I could share my random code.
The function names are a little long but everything works as expected. I use PCG as a generator rather than boost.
The ranges are inclusive. Which means when selecting by index from a container you'll want to do size() - 1 in the max field.
Unity3D does the opposite and uses an exclusive range. Which is quite annoying when you're rolling for things other than indices to access containers. (it excludes the max not the min parameter. )
I have a function in my random code that seeds the rng. the first parameter is a bool, where true means use a random device. The second parameter, let's you set a specific seed. But it also has a default seed so you can just seedTheRng(false).
This allows a simple edit in source to change the random from using a fixed seed each startup to something that doesn't.
OOP is a bullshit choice for getting random numbers. It's better to have copies of the seeds and reseed the generator than to have multiple generator objects hanging around. Although I haven't looked that much under the hood of PCG, maybe it handles copying and references to a generator quite optimally.
Either way no one wants a generator object to take a shit on their beautiful code with it's ugly presence.
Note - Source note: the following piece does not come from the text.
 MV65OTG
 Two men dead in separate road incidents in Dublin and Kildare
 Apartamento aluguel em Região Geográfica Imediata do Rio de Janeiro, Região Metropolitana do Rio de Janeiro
So we create non-member functions to wrap-up the presence of what's being used.
As for all this hotbits nonsense I have a function that can test if the random output is working as expected.
(Windows for example will output 0,1,0,1,0,1 or just all 0s, if it cannot find a random device. But don't take my word for it.)
This isn't the same as knowing if the entropy collected is fresh or "there". But I suggest just doing a quick test if the values have gone to hell.
If entropy is being pissed away so fast that you need to constantly monitor it, you need to learn to use it better.
source for the PCG, they have a C implementation too. Reminder it's a generator not a way to access any random device.